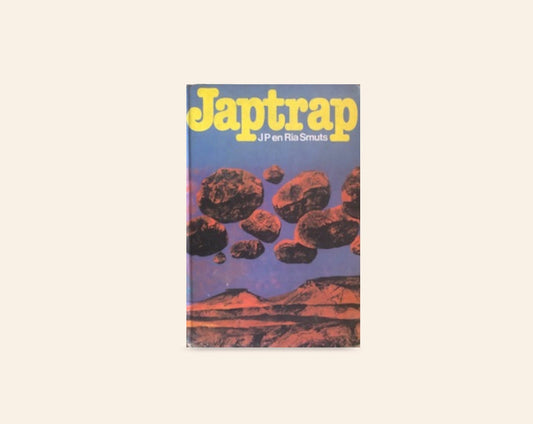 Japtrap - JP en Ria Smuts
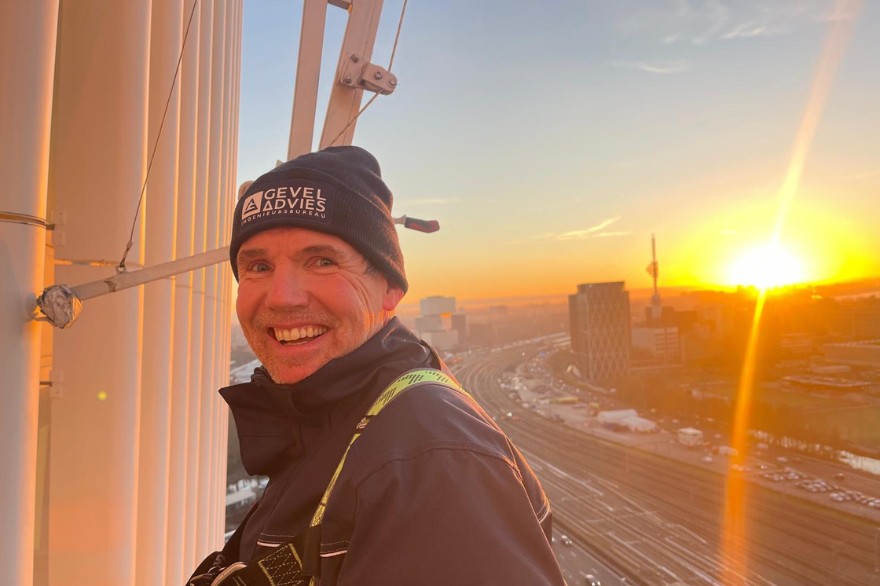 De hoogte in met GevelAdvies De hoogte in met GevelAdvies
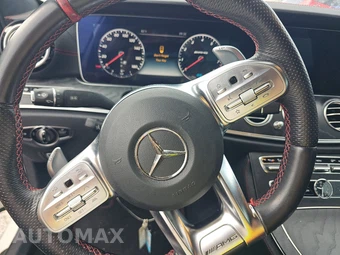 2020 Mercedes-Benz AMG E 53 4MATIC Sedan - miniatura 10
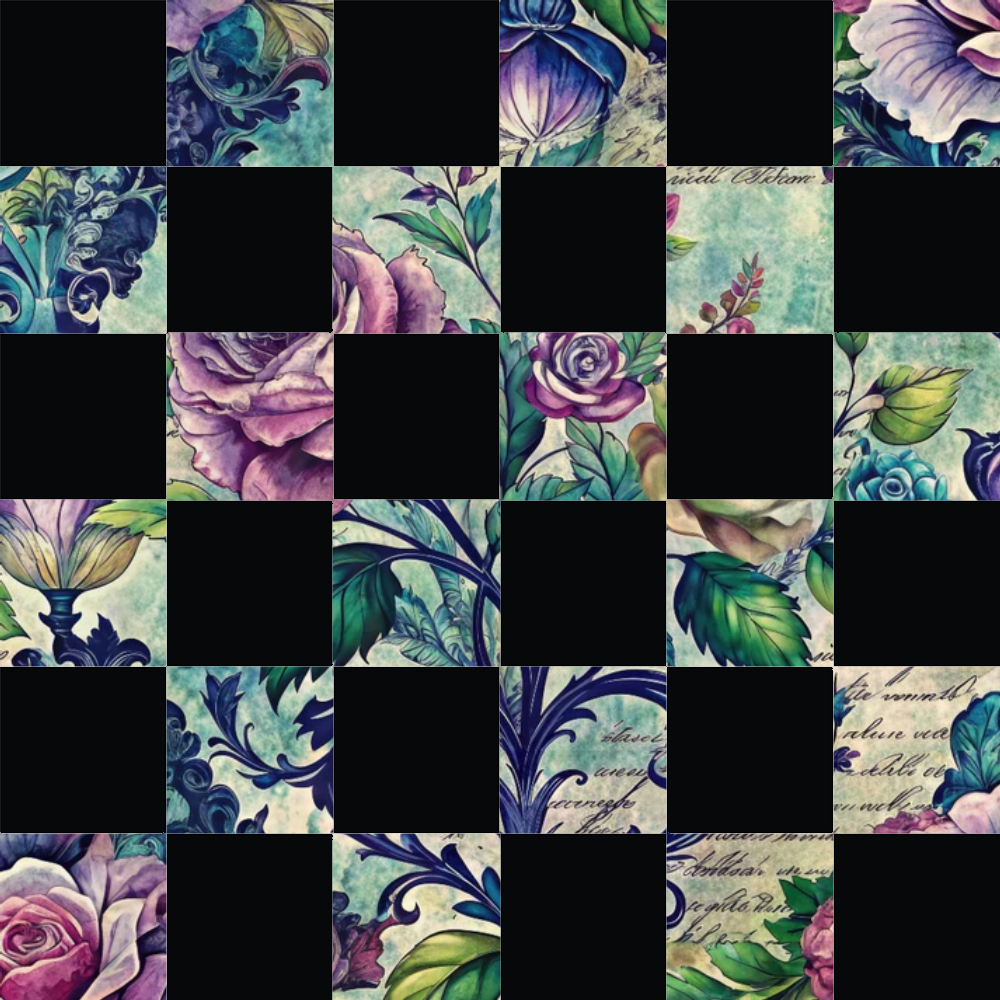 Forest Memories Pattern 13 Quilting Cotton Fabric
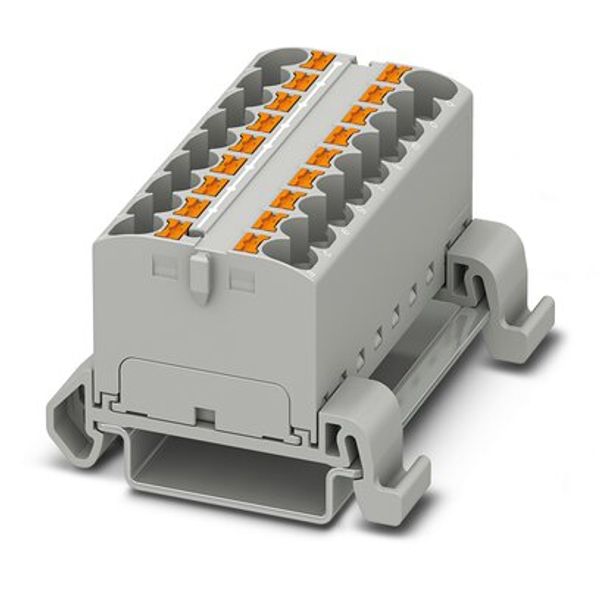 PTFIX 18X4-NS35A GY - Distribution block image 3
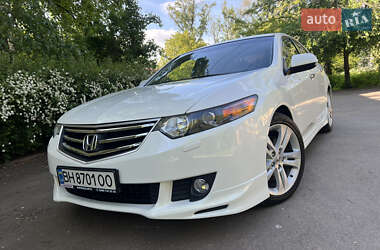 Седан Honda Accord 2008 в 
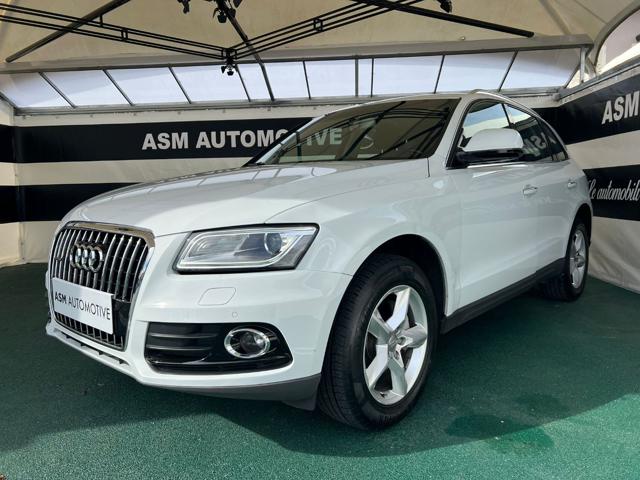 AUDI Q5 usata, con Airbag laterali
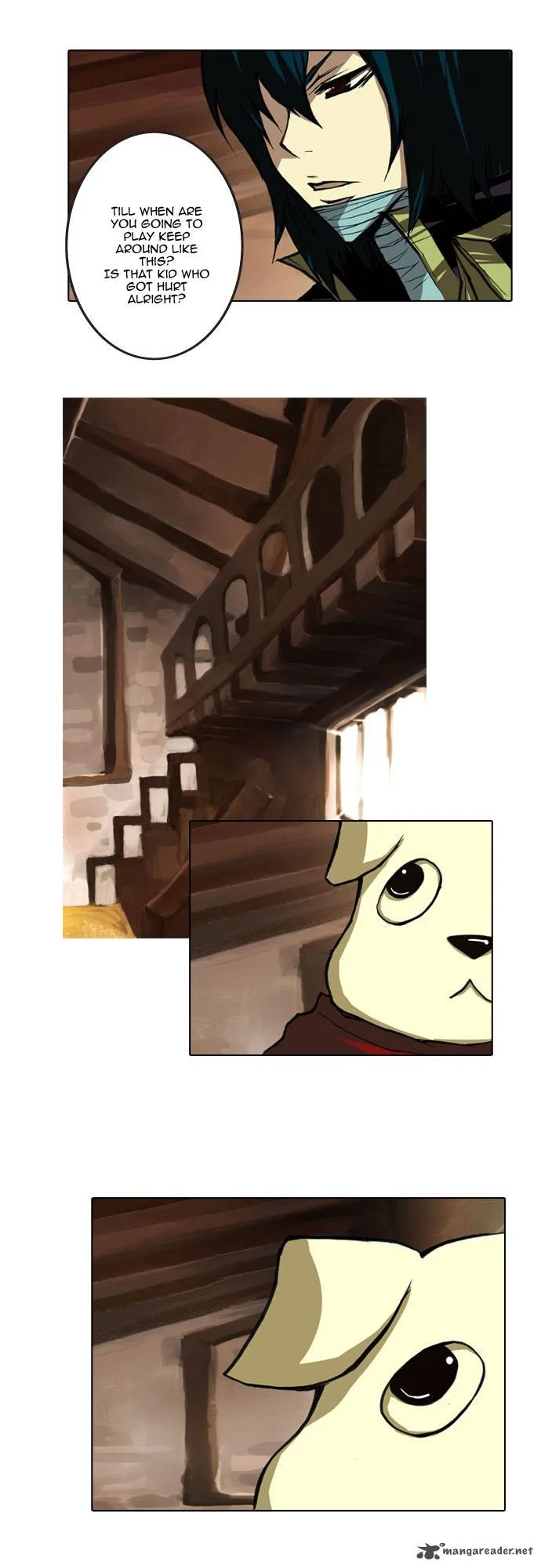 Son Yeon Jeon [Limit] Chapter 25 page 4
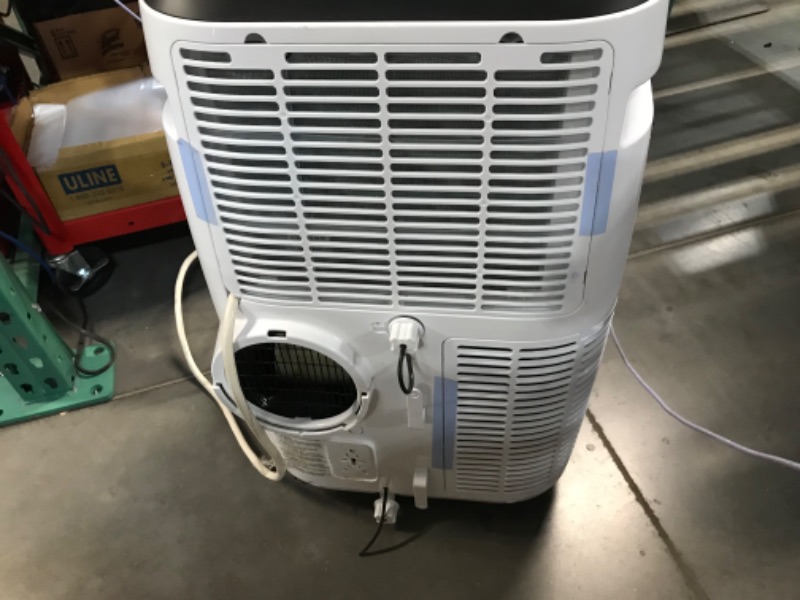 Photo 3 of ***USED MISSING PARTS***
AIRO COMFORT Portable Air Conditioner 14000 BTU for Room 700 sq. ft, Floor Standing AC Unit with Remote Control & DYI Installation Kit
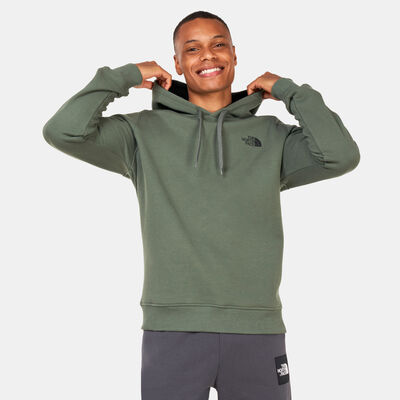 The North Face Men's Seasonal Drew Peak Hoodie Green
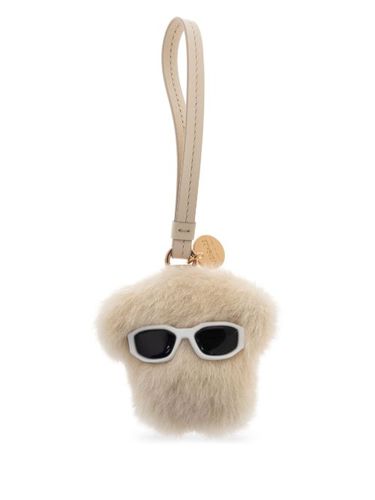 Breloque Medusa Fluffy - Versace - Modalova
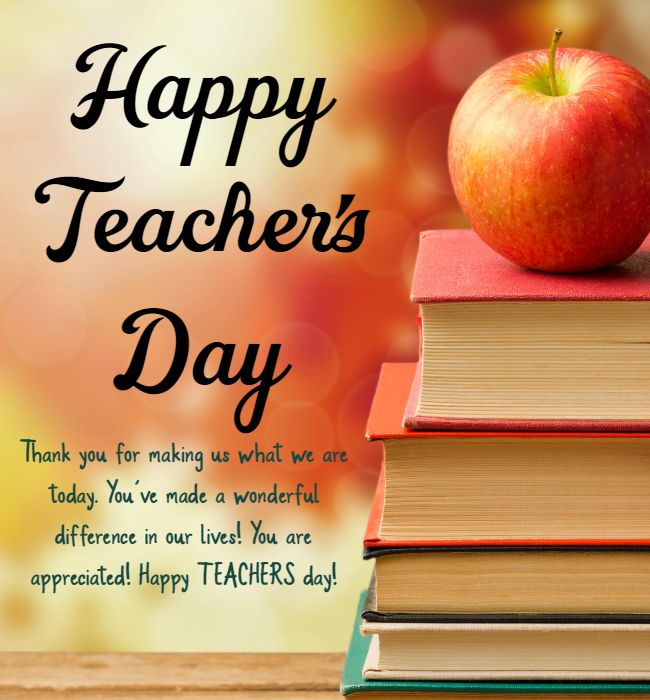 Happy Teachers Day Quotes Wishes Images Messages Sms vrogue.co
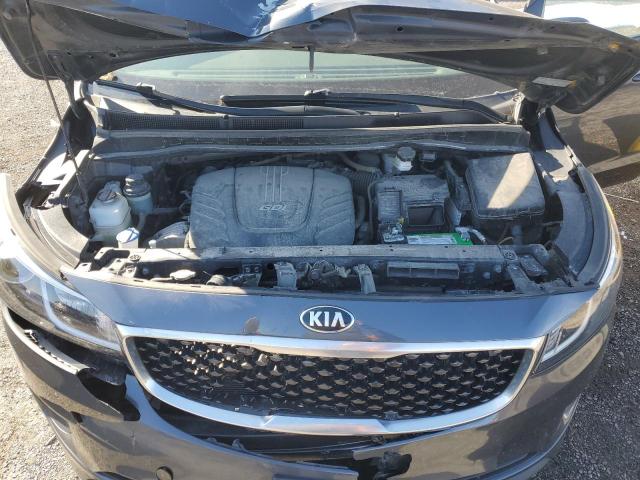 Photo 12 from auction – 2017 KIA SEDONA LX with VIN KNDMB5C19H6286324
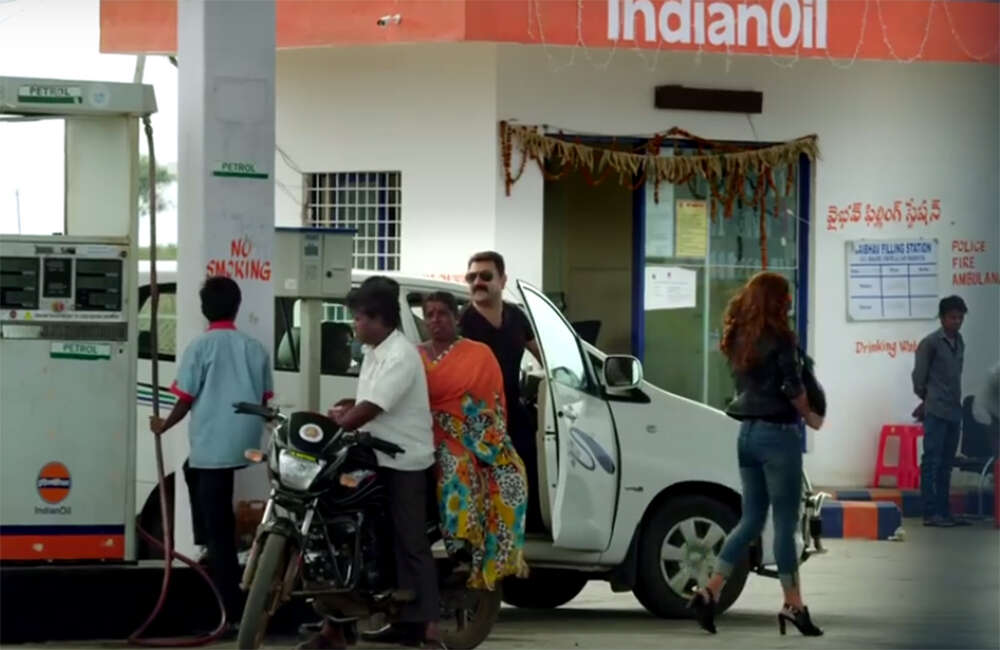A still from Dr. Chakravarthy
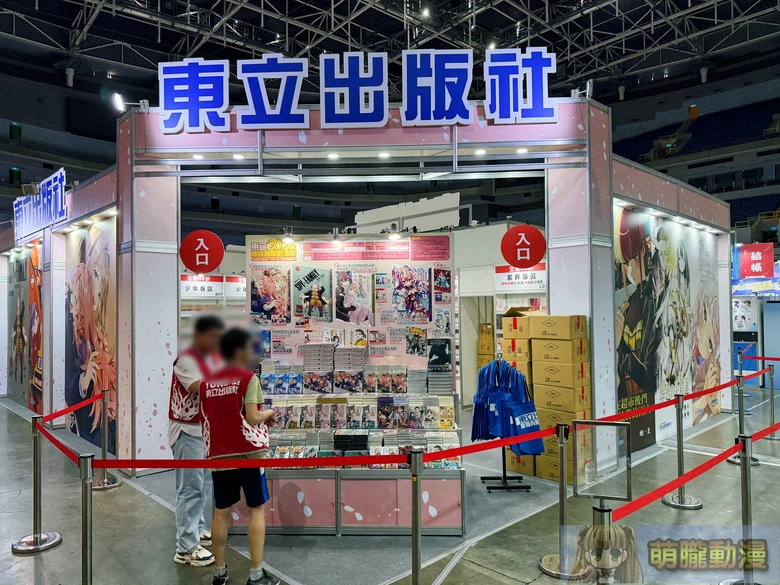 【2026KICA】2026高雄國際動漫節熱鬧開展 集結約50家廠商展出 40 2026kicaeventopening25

• • • • • • •

### Description of the task
Every entry above is to be copied verbatim, with the pictures removed.

### Answer area
 Japtrap - JP en Ria Smuts
 De hoogte in met GevelAdvies De hoogte in met GevelAdvies
 2020 Mercedes-Benz AMG E 53 4MATIC Sedan - miniatura 10
 Forest Memories Pattern 13 Quilting Cotton Fabric
 PTFIX 18X4-NS35A GY - Distribution block image 3
 Седан Honda Accord 2008 в 
 AUDI Q5 usata, con Airbag laterali
 Son Yeon Jeon [Limit] Chapter 25 page 4
 Photo 3 of ***USED MISSING PARTS***
AIRO COMFORT Portable Air Conditioner 14000 BTU for Room 700 sq. ft, Floor Standing AC Unit with Remote Control & DYI Installation Kit
 The North Face Men's Seasonal Drew Peak Hoodie Green
 Breloque Medusa Fluffy - Versace - Modalova
 Happy Teachers Day Quotes Wishes Images Messages Sms vrogue.co
 Photo 12 from auction – 2017 KIA SEDONA LX with VIN KNDMB5C19H6286324
A still from Dr. Chakravarthy
 【2026KICA】2026高雄國際動漫節熱鬧開展 集結約50家廠商展出 40 2026kicaeventopening25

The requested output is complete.